■ Data extract:
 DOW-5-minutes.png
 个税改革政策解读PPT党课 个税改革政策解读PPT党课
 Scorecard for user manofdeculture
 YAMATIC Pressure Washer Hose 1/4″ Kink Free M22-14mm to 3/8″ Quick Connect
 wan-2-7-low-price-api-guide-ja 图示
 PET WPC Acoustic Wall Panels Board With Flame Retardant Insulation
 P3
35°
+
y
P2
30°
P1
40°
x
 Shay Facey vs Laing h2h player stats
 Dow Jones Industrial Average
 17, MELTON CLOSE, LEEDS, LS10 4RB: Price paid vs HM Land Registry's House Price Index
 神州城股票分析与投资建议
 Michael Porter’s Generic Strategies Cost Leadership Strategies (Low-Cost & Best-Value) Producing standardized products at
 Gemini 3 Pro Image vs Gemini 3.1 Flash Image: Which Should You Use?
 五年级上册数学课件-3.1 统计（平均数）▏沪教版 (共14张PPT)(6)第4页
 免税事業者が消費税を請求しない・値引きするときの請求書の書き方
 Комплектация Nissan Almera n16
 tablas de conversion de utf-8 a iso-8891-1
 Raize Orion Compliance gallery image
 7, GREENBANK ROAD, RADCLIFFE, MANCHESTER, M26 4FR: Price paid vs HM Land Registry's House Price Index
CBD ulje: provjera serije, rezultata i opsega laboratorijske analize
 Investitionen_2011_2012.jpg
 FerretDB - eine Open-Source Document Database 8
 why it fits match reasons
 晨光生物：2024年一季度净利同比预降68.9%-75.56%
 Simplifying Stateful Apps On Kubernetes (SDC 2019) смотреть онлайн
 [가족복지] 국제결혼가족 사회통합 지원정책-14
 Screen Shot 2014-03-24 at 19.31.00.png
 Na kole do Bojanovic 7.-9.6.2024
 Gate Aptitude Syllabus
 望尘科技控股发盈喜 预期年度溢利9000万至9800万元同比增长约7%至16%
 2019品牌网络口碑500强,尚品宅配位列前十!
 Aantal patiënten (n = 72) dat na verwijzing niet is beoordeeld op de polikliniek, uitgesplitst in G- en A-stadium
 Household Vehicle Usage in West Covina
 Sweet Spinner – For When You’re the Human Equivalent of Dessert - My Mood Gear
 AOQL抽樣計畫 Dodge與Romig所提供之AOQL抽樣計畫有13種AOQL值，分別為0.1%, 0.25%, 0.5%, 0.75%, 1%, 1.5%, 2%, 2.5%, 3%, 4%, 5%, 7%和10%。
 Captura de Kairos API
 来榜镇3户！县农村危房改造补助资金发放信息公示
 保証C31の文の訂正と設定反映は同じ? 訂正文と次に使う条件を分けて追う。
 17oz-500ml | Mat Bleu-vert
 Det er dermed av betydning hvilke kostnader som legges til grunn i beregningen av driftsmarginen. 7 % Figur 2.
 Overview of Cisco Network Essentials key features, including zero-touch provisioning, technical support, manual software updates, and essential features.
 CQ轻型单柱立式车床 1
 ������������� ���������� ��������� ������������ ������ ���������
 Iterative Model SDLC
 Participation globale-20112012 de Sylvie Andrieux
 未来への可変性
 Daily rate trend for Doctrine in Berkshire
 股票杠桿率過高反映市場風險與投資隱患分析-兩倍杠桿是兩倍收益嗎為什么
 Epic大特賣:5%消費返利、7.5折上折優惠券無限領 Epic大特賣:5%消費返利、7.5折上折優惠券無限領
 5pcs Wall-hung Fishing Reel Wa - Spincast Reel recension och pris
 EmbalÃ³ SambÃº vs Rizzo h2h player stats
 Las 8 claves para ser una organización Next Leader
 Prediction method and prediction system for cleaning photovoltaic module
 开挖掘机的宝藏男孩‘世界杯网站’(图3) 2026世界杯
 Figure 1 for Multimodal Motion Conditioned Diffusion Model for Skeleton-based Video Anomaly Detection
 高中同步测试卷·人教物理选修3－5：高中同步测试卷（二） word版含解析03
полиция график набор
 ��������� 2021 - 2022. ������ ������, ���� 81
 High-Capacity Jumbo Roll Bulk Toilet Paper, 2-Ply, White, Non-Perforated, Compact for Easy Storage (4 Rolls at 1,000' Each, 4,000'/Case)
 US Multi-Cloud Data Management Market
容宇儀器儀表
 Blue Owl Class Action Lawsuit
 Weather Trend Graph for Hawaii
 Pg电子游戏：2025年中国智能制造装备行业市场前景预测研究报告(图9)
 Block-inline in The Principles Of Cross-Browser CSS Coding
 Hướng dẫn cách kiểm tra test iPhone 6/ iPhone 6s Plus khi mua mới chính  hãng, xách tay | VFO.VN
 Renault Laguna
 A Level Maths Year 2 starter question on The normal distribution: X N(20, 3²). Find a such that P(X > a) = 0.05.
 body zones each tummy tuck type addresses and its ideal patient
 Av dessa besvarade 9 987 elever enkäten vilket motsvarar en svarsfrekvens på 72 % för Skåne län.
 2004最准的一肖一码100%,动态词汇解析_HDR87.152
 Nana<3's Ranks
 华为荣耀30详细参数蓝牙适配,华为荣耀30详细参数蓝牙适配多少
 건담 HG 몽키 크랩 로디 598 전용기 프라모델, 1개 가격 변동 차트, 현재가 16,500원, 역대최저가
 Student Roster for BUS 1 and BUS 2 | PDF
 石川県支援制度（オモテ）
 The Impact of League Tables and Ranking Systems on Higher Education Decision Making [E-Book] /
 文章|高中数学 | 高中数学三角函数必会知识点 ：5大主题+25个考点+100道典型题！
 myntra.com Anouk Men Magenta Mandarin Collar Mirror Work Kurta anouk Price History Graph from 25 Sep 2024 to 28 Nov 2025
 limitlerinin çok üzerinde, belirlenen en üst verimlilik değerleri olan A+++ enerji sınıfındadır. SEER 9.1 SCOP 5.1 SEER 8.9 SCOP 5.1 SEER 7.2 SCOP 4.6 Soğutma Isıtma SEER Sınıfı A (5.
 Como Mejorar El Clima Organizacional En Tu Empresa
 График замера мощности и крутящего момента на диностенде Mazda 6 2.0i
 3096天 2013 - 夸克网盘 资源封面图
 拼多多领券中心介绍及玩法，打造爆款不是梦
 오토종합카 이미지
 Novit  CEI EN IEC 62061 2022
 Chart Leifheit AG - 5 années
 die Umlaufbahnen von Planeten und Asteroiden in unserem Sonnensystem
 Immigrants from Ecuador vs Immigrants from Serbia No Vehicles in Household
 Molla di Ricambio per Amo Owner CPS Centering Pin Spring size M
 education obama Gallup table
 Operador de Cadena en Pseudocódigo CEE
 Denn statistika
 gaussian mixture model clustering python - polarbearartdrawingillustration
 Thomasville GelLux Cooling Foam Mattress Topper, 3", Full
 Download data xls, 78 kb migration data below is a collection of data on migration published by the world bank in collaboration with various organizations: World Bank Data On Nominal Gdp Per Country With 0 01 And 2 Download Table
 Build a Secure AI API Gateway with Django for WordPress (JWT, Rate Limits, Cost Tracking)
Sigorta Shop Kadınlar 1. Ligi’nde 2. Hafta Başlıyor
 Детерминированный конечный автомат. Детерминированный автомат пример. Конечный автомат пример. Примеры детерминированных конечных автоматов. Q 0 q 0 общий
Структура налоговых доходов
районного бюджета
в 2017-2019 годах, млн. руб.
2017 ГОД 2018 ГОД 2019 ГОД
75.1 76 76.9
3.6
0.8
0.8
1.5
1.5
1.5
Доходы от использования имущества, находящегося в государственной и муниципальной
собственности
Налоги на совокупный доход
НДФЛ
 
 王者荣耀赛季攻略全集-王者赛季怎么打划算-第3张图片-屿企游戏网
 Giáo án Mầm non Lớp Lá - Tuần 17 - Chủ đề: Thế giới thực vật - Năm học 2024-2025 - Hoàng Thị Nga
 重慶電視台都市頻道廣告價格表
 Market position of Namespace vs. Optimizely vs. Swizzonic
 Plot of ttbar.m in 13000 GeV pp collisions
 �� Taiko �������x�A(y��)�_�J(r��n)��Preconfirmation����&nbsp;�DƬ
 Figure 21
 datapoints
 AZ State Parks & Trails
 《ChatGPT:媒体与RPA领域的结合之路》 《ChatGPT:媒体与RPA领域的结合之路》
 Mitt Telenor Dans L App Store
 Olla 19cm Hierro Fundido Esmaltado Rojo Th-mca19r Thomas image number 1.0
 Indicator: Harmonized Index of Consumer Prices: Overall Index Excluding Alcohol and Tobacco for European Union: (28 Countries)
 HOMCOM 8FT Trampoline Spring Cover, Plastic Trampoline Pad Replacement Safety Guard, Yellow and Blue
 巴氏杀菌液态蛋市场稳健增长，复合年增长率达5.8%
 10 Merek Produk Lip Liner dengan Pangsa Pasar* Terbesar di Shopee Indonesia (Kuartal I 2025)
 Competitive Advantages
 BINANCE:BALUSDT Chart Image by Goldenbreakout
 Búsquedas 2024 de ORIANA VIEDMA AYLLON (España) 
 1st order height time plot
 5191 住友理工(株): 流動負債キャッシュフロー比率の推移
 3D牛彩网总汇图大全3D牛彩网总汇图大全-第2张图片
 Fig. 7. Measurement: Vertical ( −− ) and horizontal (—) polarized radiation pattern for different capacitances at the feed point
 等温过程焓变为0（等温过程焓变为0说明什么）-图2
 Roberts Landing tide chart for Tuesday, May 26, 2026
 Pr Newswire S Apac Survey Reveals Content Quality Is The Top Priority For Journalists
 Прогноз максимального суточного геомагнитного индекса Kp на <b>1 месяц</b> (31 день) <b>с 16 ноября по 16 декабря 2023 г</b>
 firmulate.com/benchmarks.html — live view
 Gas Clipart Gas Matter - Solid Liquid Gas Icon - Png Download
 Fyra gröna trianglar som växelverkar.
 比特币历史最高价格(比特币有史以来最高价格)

■ Task description: Within the material above, output exactly the lines from the one with "5191 住友理工(株): 流動負債キャッシュフロー比率の推移" through the one with "Roberts Landing tide", end lines included, and nothing besides.

■ Worked solution:
 5191 住友理工(株): 流動負債キャッシュフロー比率の推移
 3D牛彩网总汇图大全3D牛彩网总汇图大全-第2张图片
 Fig. 7. Measurement: Vertical ( −− ) and horizontal (—) polarized radiation pattern for different capacitances at the feed point
 等温过程焓变为0（等温过程焓变为0说明什么）-图2
 Roberts Landing tide chart for Tuesday, May 26, 2026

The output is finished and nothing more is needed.